Diamond Clustering - Failed to allocate sufficient memory. Please refer to the manual for instructions on memory usage.
Hi, I'm trying to run diamond clustering on a file with 9 million sequences and got this error.
I have 128 GB of RAM and 1.8T for disk storage. The database.dmnd database I used is 1.2 GB.
The command I used:
diamond cluster -d database.dmnd -o output.tsv --approx-id 80 --tmpdir /data -M 64G
My log file contains:
diamond v2.1.10.164 (C) Max Planck Society for the Advancement of Science, Benjamin Buchfink, University of Tuebingen
Documentation, support and updates available at http://www.diamondsearch.org
Please cite: http://dx.doi.org/10.1038/s41592-021-01101-x Nature Methods (2021)
#CPU threads: 32
Scoring parameters: (Matrix=BLOSUM62 Lambda=0.267 K=0.041 Penalties=11/1)

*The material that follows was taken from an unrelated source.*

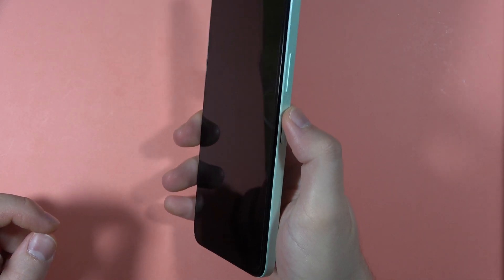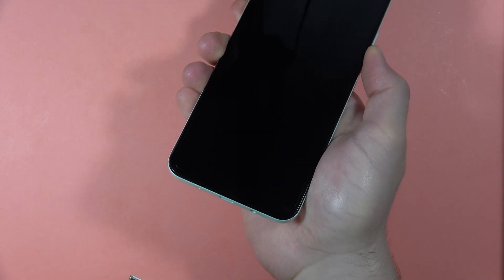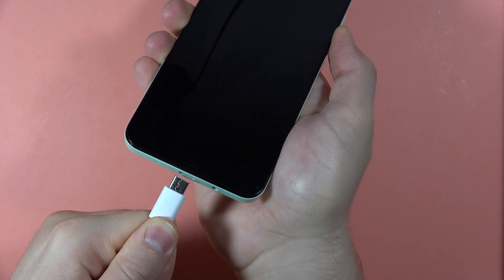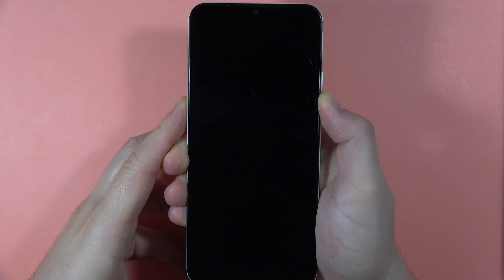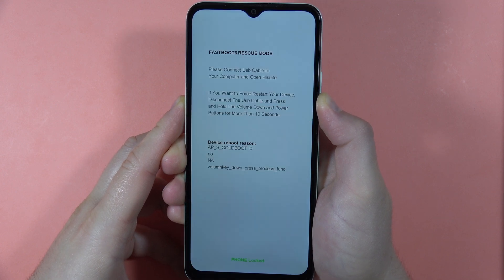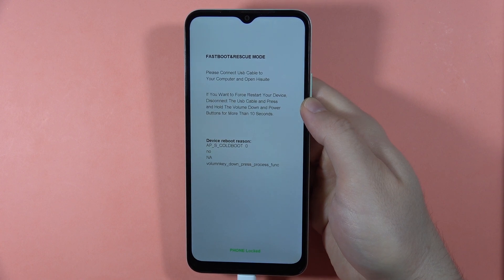Grab your phone, click and hold the volume down button. While holding this button, plug the USB-C cable into the USB-C port and keep holding until the rescue mode pops on the screen. There we go — as you can see, that's all for this video. Bye.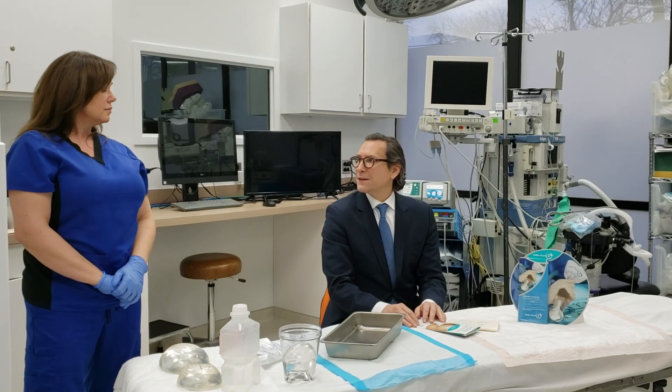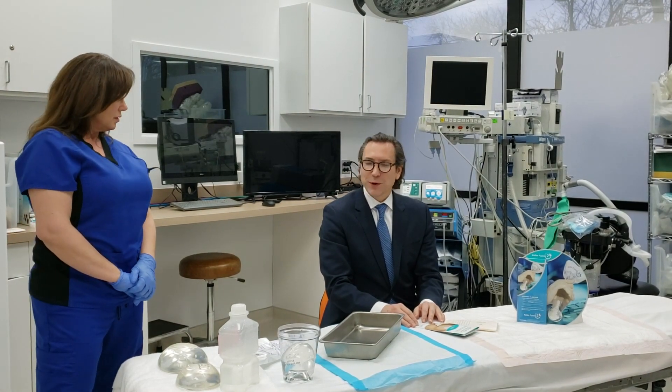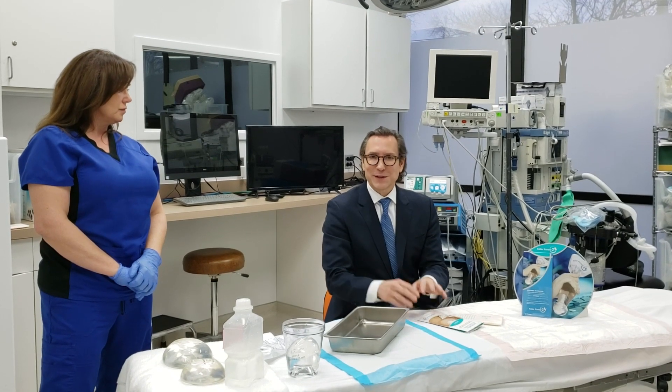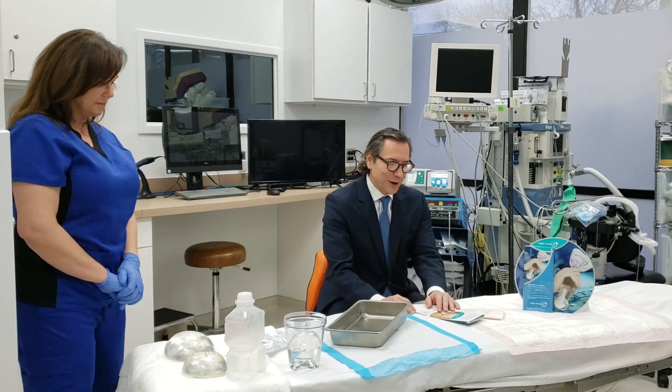Why don't we go ahead and at this point actually show you how we use the Keller Funnel — not in a patient, but actually just here on the operating room table.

Opening the input file... [0.995s]
Input database: database.dmnd (8585030 sequences, 993623733 letters)
Temporary directory: /data
#Target sequences to report alignments for: unlimited
Database: database.dmnd (type: Diamond database, sequences: 8585030, letters: 993623733)
Block size = 12800000000
Opening the input file... [0s]
Opening the output file... [0s]
Seeking in database... [0s]
Loading query sequences... [0.638s]
Length sorting queries... [0.601s]
Algorithm: Double-indexed
Building query histograms... [3.384s]
Seeking in database... [0s]
Seeking in database... [0.004s]
Initializing temporary storage... [0.003s]
Building reference histograms... [1.399s]
Allocating buffers... [0s]
Processing query block 1, reference block 1/1, shape 1/1.
Building reference seed array... [1.48s]
Building query seed array... [1.426s]
Computing hash join... [0.503s]
Masking low complexity seeds... [0.04s]
Building kmer ranking... [0.008s]
Searching alignments... [0.952s]
Deallocating memory... [0s]
Deallocating buffers... [0.004s]
Clearing query masking... [0.069s]
Computing alignments... [35.532s]
Deallocating reference... [0s]
Loading reference sequences... [0s]
Deallocating buffers... [0s]
Deallocating queries... [0.003s]
Closing the output file... [0s]
Closing the database... [0s]
Cleaning up... [0s]
Total time = 46.054s
Reported 52104517 pairwise alignments, 52104517 HSPs.
3412693 queries aligned.
Finished search. #Edges: 97532173
Allocating buffers... [0s]
Loading edges... [0.391s]
Sorting edges... [0.441s]
Computing edge counts... [0.105s]
Computing vertex cover... [1.334s]
Computing reassignment... [0.104s]
Clustering round 1 complete. #Input sequences: 8585030 #Clusters: 1010961 #Letters: 115151078 Time: 48s
Temporary directory: /data
#Target sequences to report alignments for: unlimited
Database: database.dmnd (type: Diamond database, sequences: 8585030, letters: 993623733)
Block size = 3200000000
Opening the input file... [0s]
Opening the output file... [0s]
Seeking in database... [0s]
Loading query sequences... [0.268s]
Algorithm: Double-indexed
Building query histograms... [0.287s]
Seeking in database... [0s]
Initializing temporary storage... [0s]
Building reference histograms... [0.036s]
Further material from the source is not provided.